Welcome to the rest of your 2016, and here's hoping it's as fabulous as the first three days. (Or, way better than the first three days). Now that it's January and the NFL regular season is finally behind us, here are a few questions as we move forward into the playoffs and, beyond, Super Bowl 50 -- which promises to be the usual orgy of self-congratulation and grotesque puffery it always is, if not more so:
Q: The Cleveland Browns have cleaned house, firing both their head coach and GM. What does this mean?

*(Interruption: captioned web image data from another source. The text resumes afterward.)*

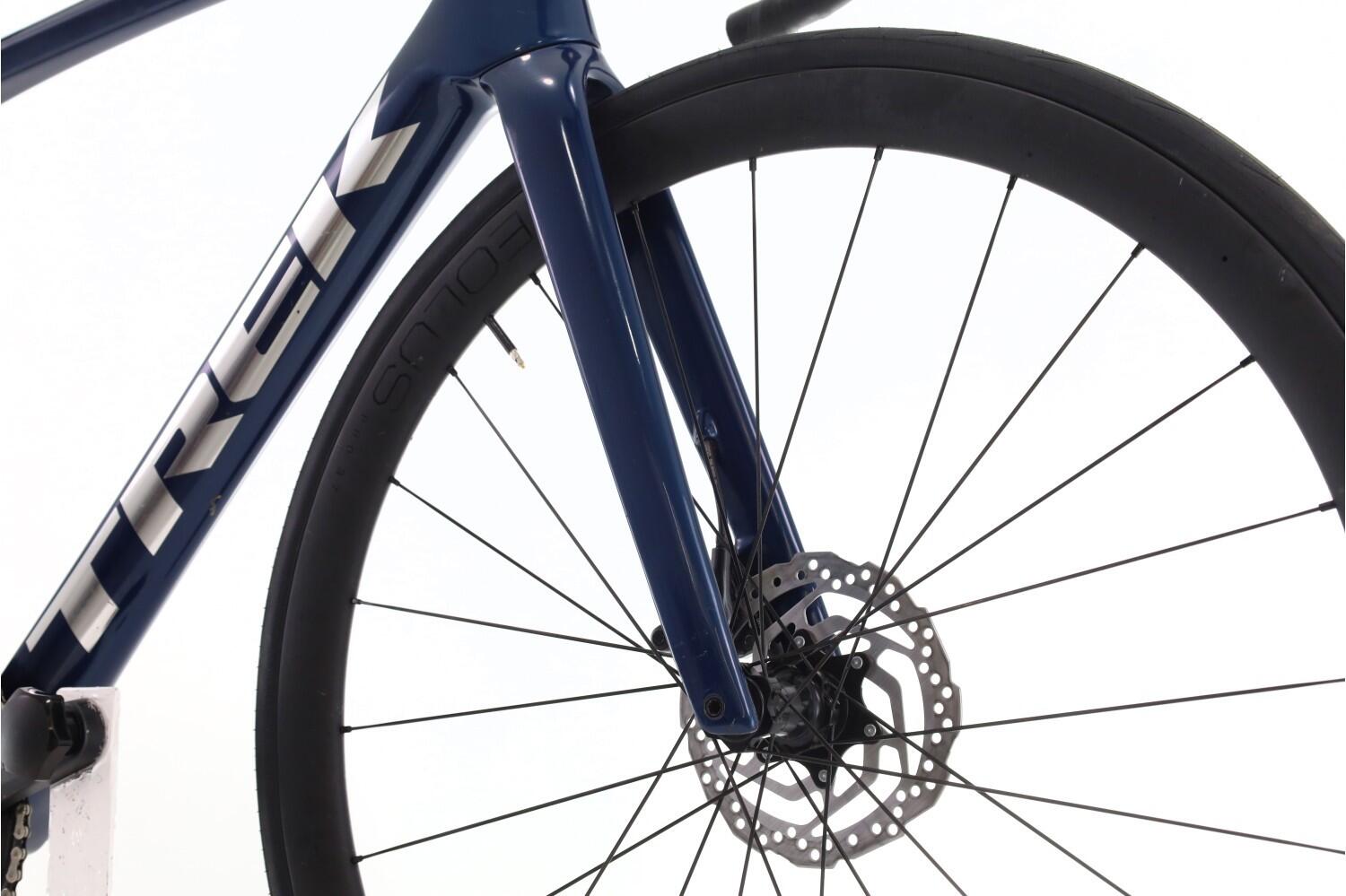 Vélo de route reconditionné ·  Emonda SL 7 Di2 12V · Très bon état 5/8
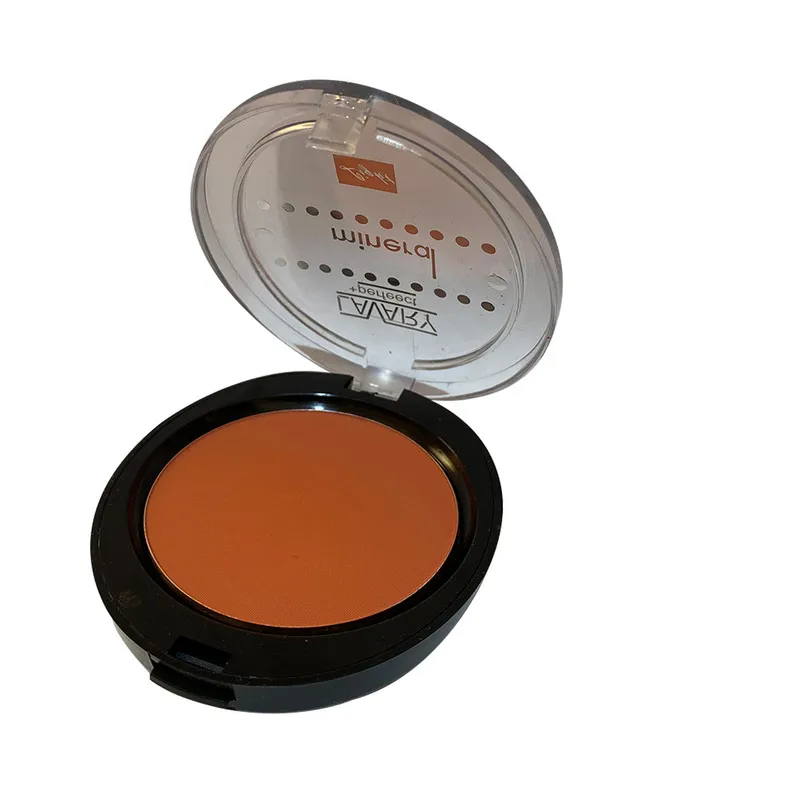 رژ گونه لاواری مدل plus perfect شماره 204 - تصویر 2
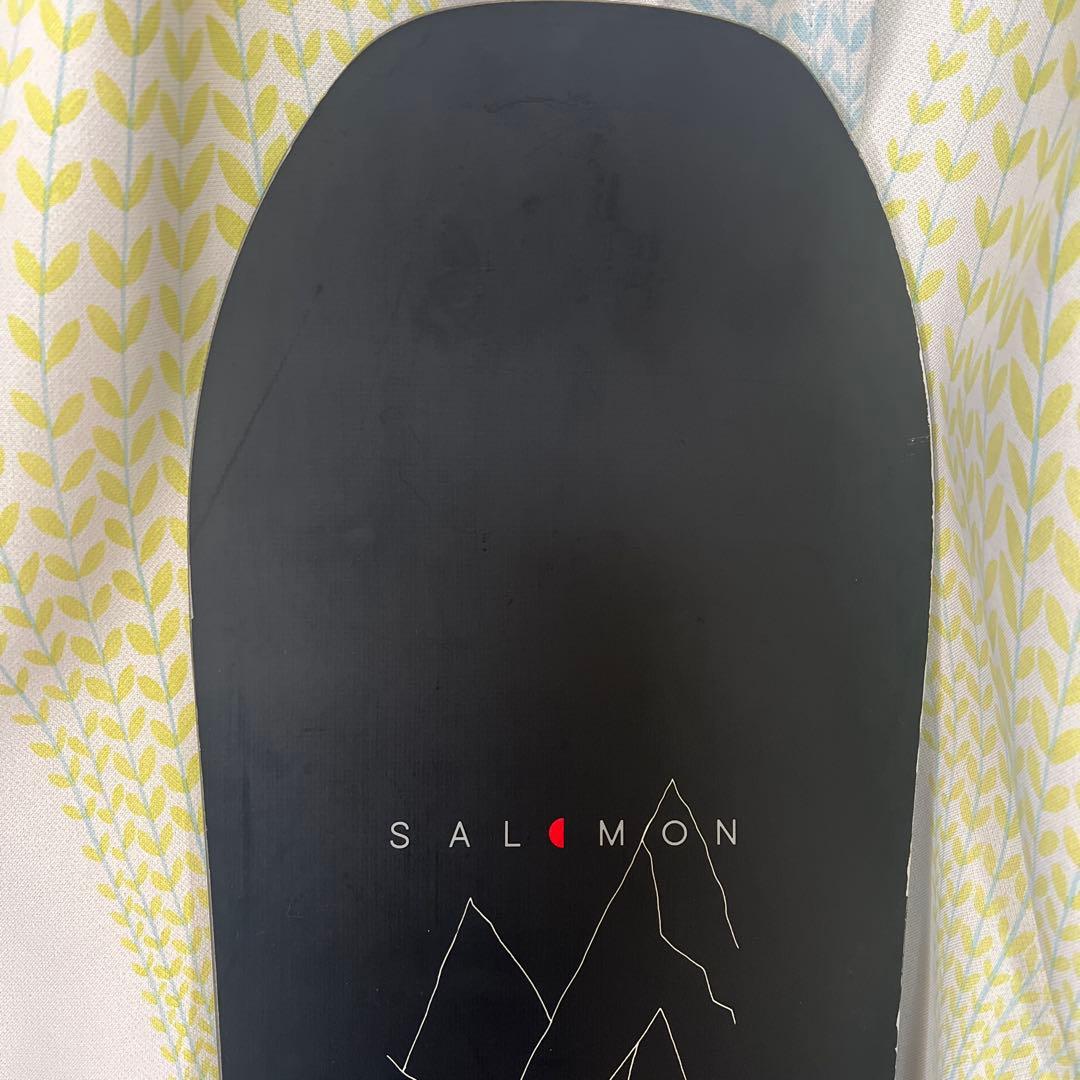 Salomon Sight 153 22-23model サロモン スノーボード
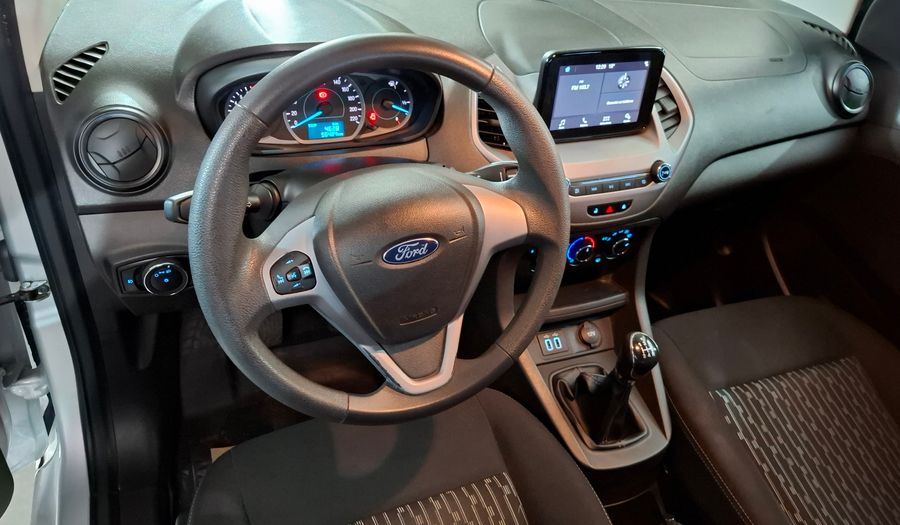 Ford Ka 1.5 SE Hatchback 2019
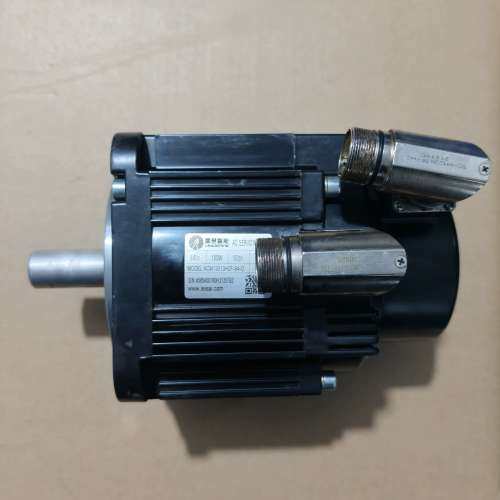 议价雷赛伺服电机1.3KW，型号ACM13013H2F-B4-D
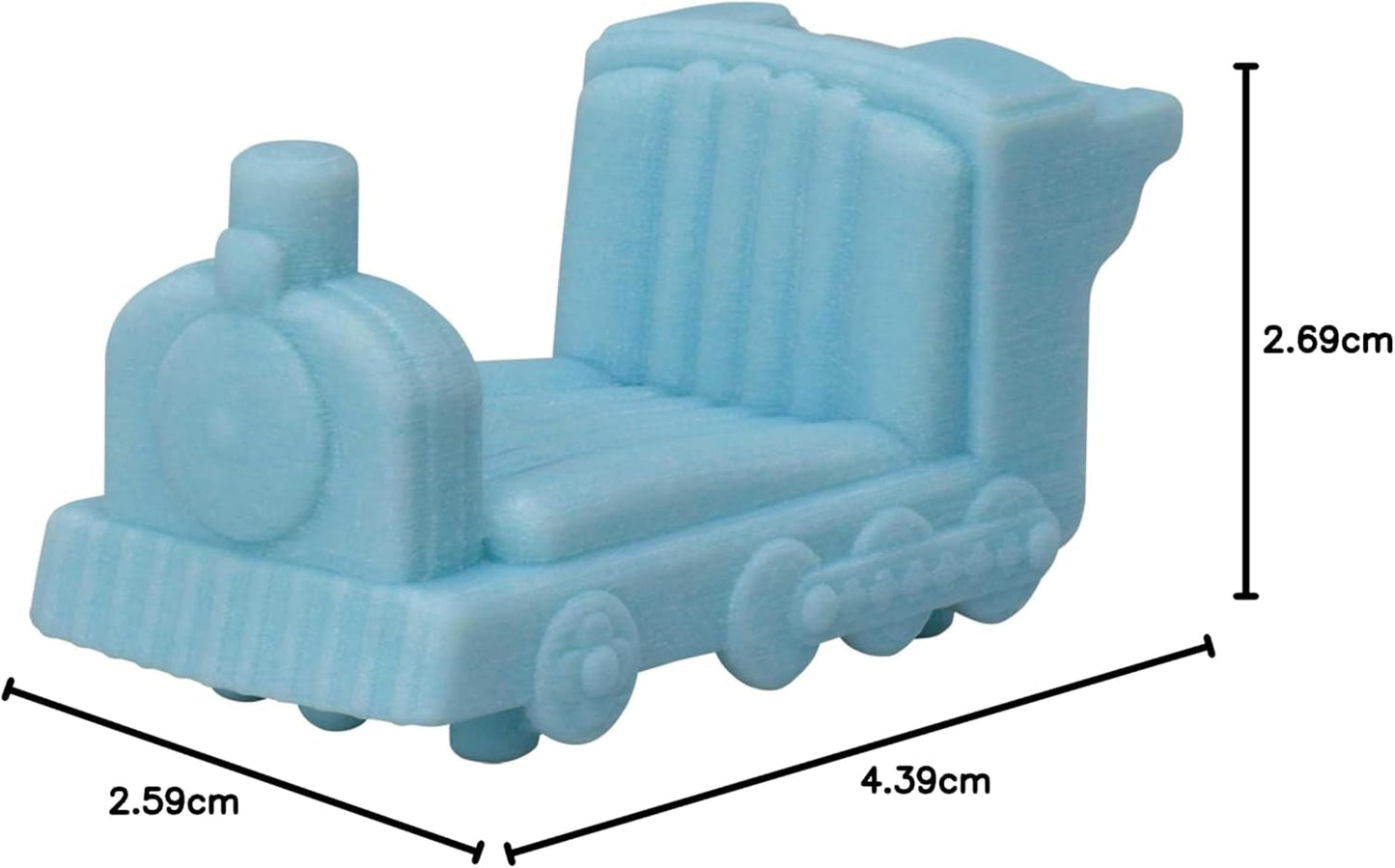 Sylvanian Families L5457 Gatos Persas Gemelos - Figuras casa de muñecas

A: It means you have to clear out the old trash before you can start bringing in the new trash.
Q: If, as anticipated, the Colts turn loose Chuck Pagano today, how long will he remain unemployed?
A: Is this a trick question?
Q: No.
A: OK, then about, I don't know, five minutes. The man took a garbage dump of a team to an 8-8 season even though he didn't have his A-list quarterback for the last seven weeks. He won a game with Josh Freeman and that other guy, Something Lindley, who hadn't played in the NFL since the BeeGees were a thing. Only four current NFL head coaches have won more games. Yeah, five minutes sounds about right.
Q: So are the Seahawks the team to beat now because they whipped the Cardinals yesterday?
A: No. Yesterday is meaningless. I'm sure if they meet again, Cardinals coach Bruce Arians' message will be something along the lines of: "OK, last time they sent us a message when it didn't count. Whatever. Now it counts, and now it's our turn."
Q: What will the 49ers be thinking if they respond favorably to Chip Kelly, who's reportedly reaching out to them?
A: They'll be thinking he's not Jim Tomsula. And that just because he failed so abysmally to relate to NFL players in the Eastern time zone doesn't mean he won't be able to relate wonderfully to them in the Pacific time zone. Hey, he's a West coast guy!
And, finally ...
Q: Four of the quarterbacks who could play a significant role in the playoffs are named Brian Hoyer, Brock Osweiler, Kirk Cousins and AJ McCarron. Who saw that coming back in September?
A: Brian Hoyer, Brock Osweiler, Kirk Cousins and AJ McCarron. Maybe. OK, probably not.